### Single head attention block
(For code below, see from ~1:01:30 in video)

We consider this a <ins>decoder</ins> attention block specifically due to the mask preventing tokens from attending to future tokens within their sequence.

And specifically this is <ins>self-attention</ins> as the keys, queries, and values are ALL produced from the same set of input tokens.  Consider that the keys and values could instead be injected from an encoder, while the queries come from an earlier layer in the decoder (this is called <ins>cross-attention</ins>) (see 1:16:05 in video).

In [15]:
import torch
import torch.nn as nn
from torch.nn import functional as F

torch.manual_seed(1337)
B,T,C = 4,8,32 # batch, time, channels

# think of this as 4 sepearate sequences, each of 8 chars (with chars represented as 32 channel vectors)
x = torch.randn(B,T,C)
#print("x:", x)

head_size = 16  # size of resulting key and query vectors
value_size = 16 # size of value representations created from each token

key = nn.Linear(C, head_size, bias=False)
query = nn.Linear(C, head_size, bias=False)
value = nn.Linear(C, value_size, bias=False)

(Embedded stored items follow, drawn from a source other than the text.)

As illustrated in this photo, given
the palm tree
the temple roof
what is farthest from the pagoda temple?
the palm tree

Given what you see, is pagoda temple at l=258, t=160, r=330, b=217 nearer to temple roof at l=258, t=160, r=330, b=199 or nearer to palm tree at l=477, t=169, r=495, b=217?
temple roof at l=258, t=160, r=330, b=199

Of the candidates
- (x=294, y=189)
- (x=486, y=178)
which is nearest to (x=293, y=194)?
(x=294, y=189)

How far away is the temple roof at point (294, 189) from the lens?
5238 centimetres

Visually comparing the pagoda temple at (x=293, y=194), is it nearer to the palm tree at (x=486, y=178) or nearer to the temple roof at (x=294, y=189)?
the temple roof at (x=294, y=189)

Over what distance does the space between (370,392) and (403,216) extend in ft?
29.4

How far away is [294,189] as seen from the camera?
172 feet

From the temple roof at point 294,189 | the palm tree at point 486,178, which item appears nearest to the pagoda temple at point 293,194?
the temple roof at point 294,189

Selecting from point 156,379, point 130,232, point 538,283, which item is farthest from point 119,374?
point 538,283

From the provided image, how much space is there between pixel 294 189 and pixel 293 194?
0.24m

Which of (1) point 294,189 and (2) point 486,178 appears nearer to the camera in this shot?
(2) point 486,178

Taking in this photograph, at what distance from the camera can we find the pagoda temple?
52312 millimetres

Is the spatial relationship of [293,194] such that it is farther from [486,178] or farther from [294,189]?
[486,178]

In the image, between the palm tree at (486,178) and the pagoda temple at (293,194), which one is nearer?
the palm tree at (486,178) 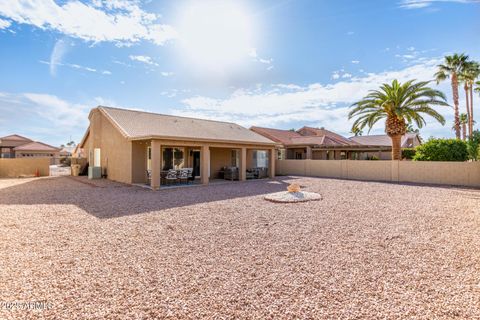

k = key(x) # (B,T,head_size)
q = query(x) # (B,T,head_size)
assert k.shape == q.shape

# now we multiply to get the dot product of respective key and query vectors for each sequence
tmp = k.transpose(-2, -1) # swaps dims -2 and -1 -> (B, head_size, T)
weights = q @ tmp # (B,T,head_size) @ (B,head_size,T) = (B, T, T)
# weights now specify for each sequence the cross attention affinities between all token combinations


# now we use a mask to prevent tokens from attending to future tokens in their sequence
tril = torch.tril(torch.ones(T, T))

# note: replacing zeros in triangular matrix with -inf and taking softmax
#  is equivalent to normalizing a lower triangular matrix of weights and zeros
#  we also divide by sqrt(head_size) to normalize the variance, preventing a tendency to one-hot vectors after softmax
weights = weights.masked_fill(tril == 0, float==('-inf')) * head_size**-0.5
weights = F.softmax(weights, dim=-1)

# now we let the tokens in each sequence combine according to their respective attention affinities
# in this case, the "values" would be the original tokens themselves
#out = weights @ x # (B,T,T) @ (B,T,C) = (B,T,C)
#assert out.shape == (B,T,C)

# ACTUALLy we let their values combine according to query:key affinities
v = weights @ value(x) # (B,T,T) @ (B, T, value_size) = (B,T,value_size)
assert v.shape == (B,T,value_size)
#weights[0]


In [5]:
torch.manual_seed(1337)
x = torch.randint(0, 10, (2,3,5))
print(x)
x.transpose(-2, -1)

tensor([[[5, 7, 2, 0, 5],
         [3, 5, 0, 4, 0],
         [2, 0, 7, 6, 0]],

        [[8, 1, 4, 9, 5],
         [3, 6, 2, 0, 2],
         [1, 6, 5, 9, 4]]])


tensor([[[5, 3, 2],
         [7, 5, 0],
         [2, 0, 7],
         [0, 4, 6],
         [5, 0, 0]],

        [[8, 3, 1],
         [1, 6, 6],
         [4, 2, 5],
         [9, 0, 9],
         [5, 2, 4]]])